Goal of the exercise:
Look below for the line that contains "2023 Jeep Wrangler Rubicon", then copy it and each following line to the end of the records, minus any pictures.

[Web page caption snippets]
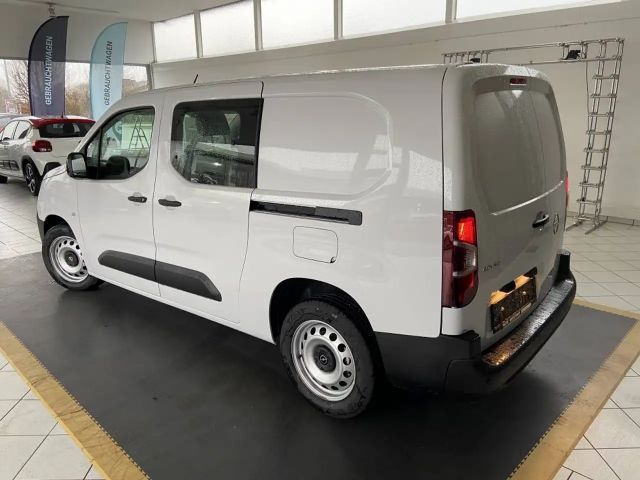 Opel Combo COMBO Cargo DOKA 1,5 131PS 8G Automatik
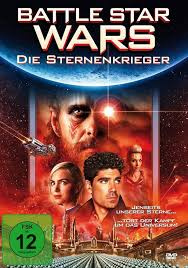 Battle Star Wars (DVD) i gruppen HJEMMEELEKTRONIK / Lyd & billede / Tv og tilbehør / Film / DVD hos TP E-commerce Nordic AB (D38728)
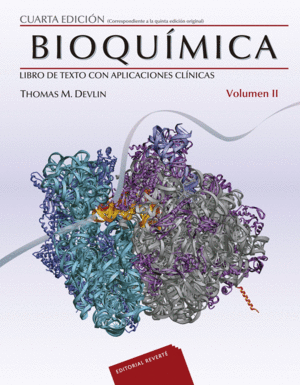 BIOQUIMICA 4 EDICION VOL 2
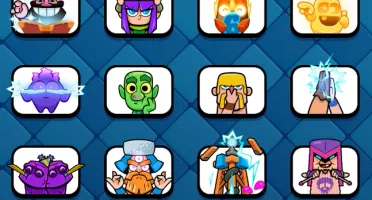 Conta Clash Royale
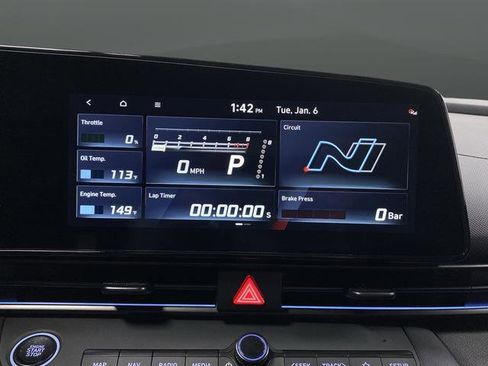 New 2026 Hyundai Elantra N Base image 28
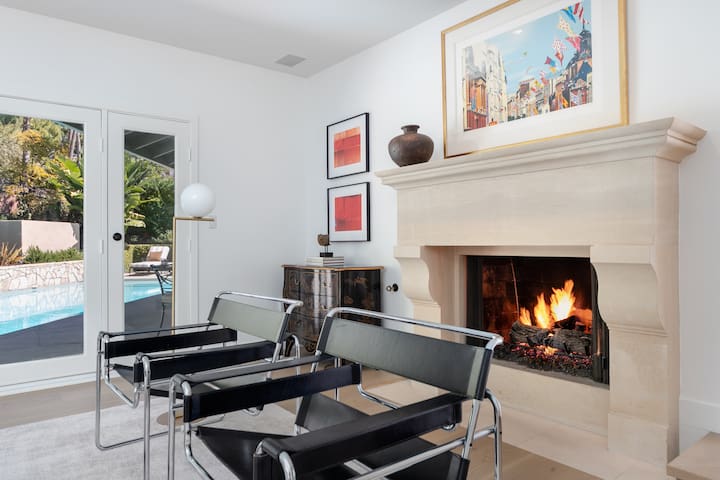 Hollywood Hills Retreat | Heated Pool | Privacy gallery image 4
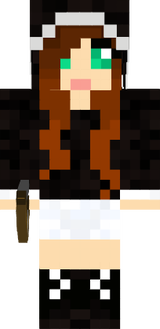 Ender girl
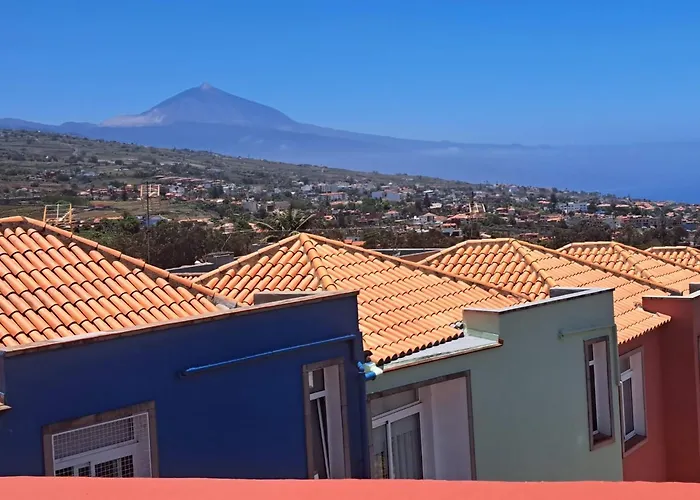 Casa En El Campo Vakantiehuis Tacoronte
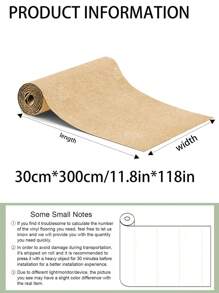 1 件可修剪猫抓家具保护贴 - 攀爬自粘式猫抓垫、沙发保护贴、用于保护猫树框架墙壁的抓挠保护 DIY 防猫抓沙发保护贴、自粘式修复沙发猫抓板墙贴 - 彩色 - 查看 29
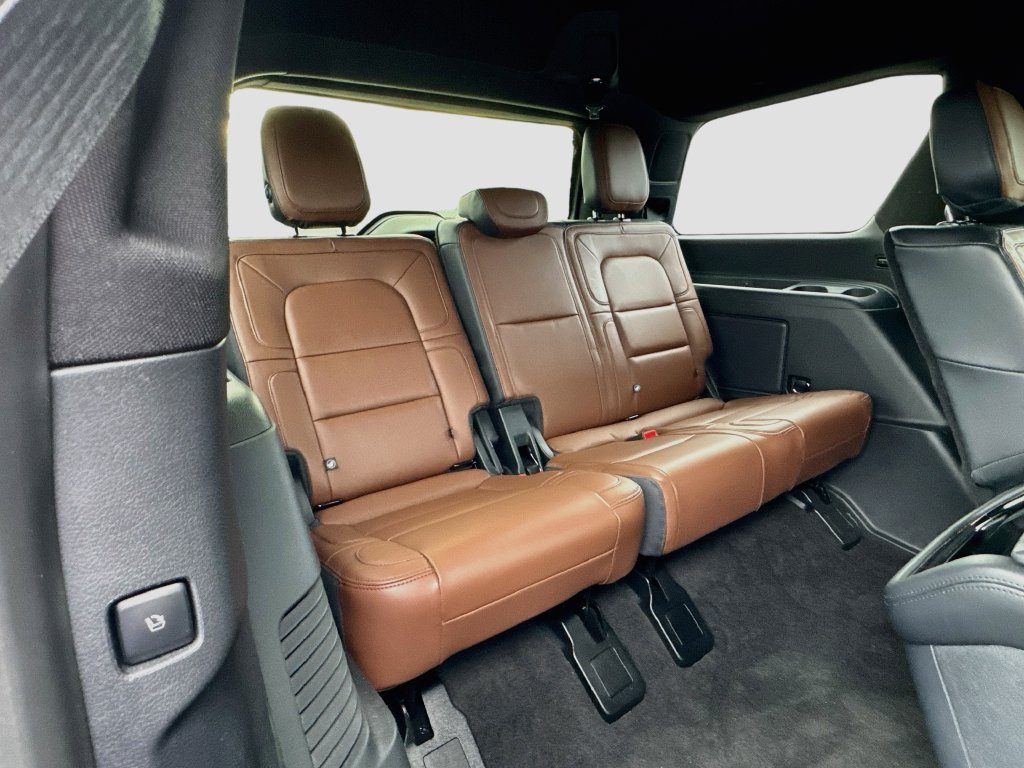 Used 2023 Lincoln Navigator Reserve AWD/4WD image 29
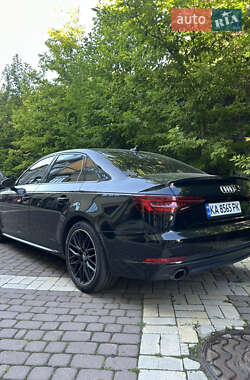 Седан Audi A4 2018 в 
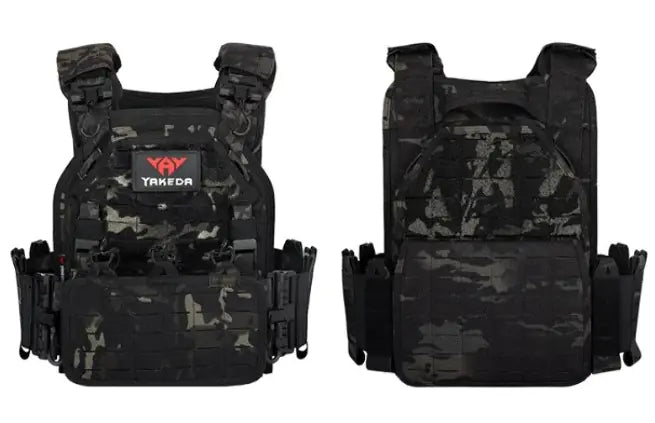 YAKEDA Rugged Load bearing Vest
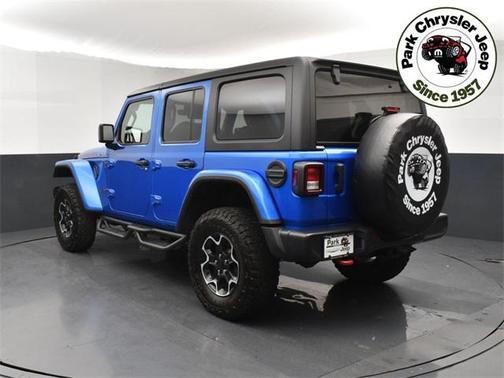 2023 Jeep Wrangler Rubicon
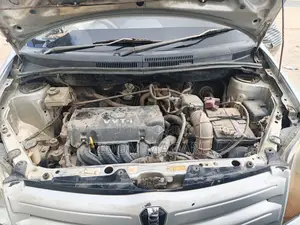 Toyota IST 2003 Silver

Answer below:
 2023 Jeep Wrangler Rubicon
 Toyota IST 2003 Silver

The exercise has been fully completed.